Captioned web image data

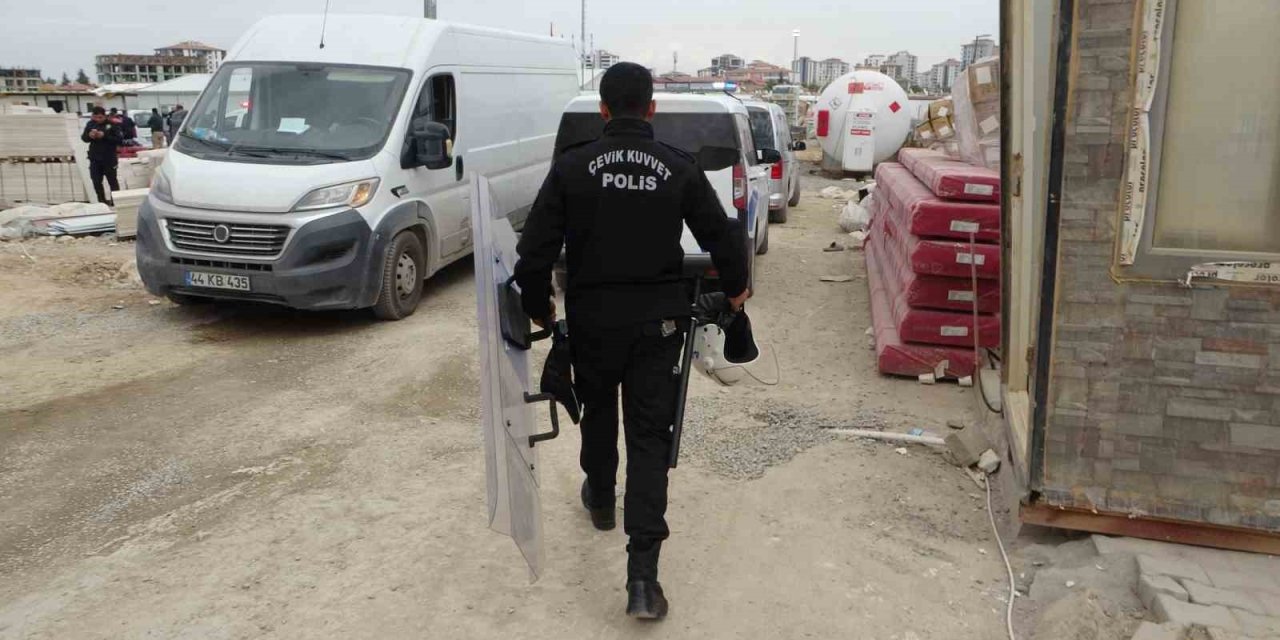 Malatya’da şantiyede sopalı-bıçaklı kavga: 4 kişi yaralandı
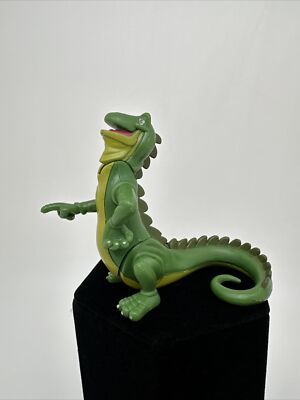 IGGY IGUANA RAINFOREST CAFE 4In POSEABLE PVC FIGURE TOY CAKE TOPPER -2000 103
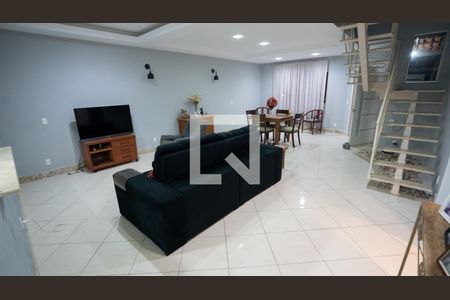 Sala de casa de condomínio para alugar com 5 quartos, 240m² em Centro, Niterói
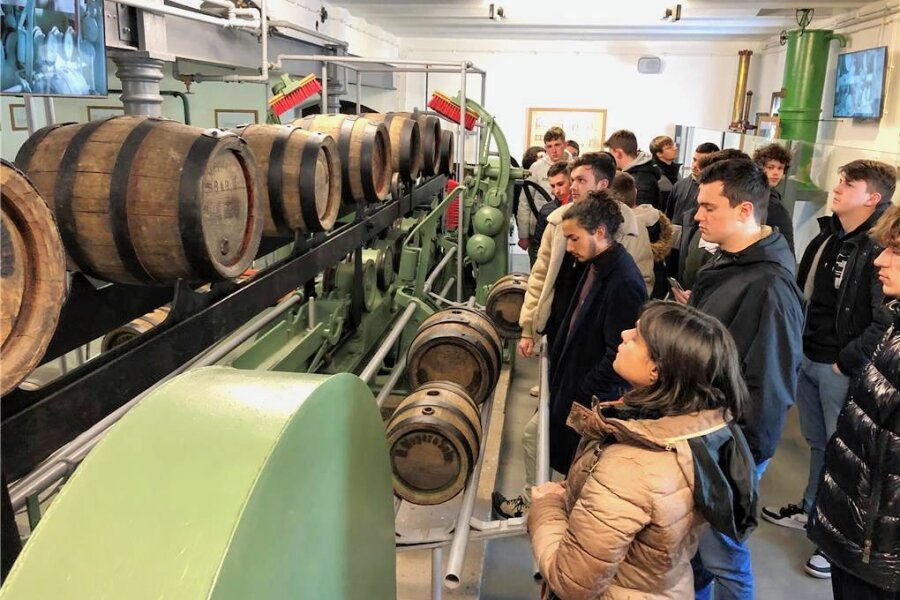 Jugendbegegnung in Zethau: Warum angehende Landwirte aus Frankreich über ihre deutschen Kollegen staunen - Französische Gäste besuchten auch die Brauerei in Rechenberg-Bienenmühle und das Brauereimuseum. 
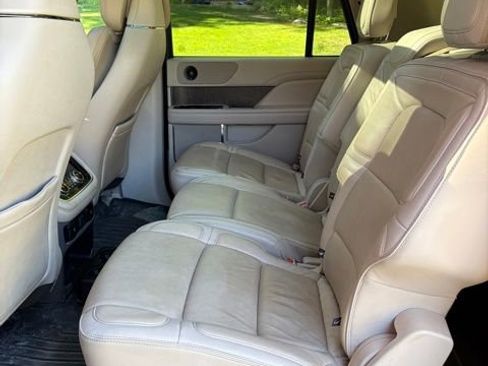 Used 2018 Lincoln Navigator L Reserve w/ Technology Package AWD/4WD image 5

EXERCISE GOAL: Restate, word for word, each line from the one with "Sala de casa" to the end of the entries, both included, and keep every picture out.

SOLVED EXERCISE:
 Sala de casa de condomínio para alugar com 5 quartos, 240m² em Centro, Niterói
 Jugendbegegnung in Zethau: Warum angehende Landwirte aus Frankreich über ihre deutschen Kollegen staunen - Französische Gäste besuchten auch die Brauerei in Rechenberg-Bienenmühle und das Brauereimuseum. 
 Used 2018 Lincoln Navigator L Reserve w/ Technology Package AWD/4WD image 5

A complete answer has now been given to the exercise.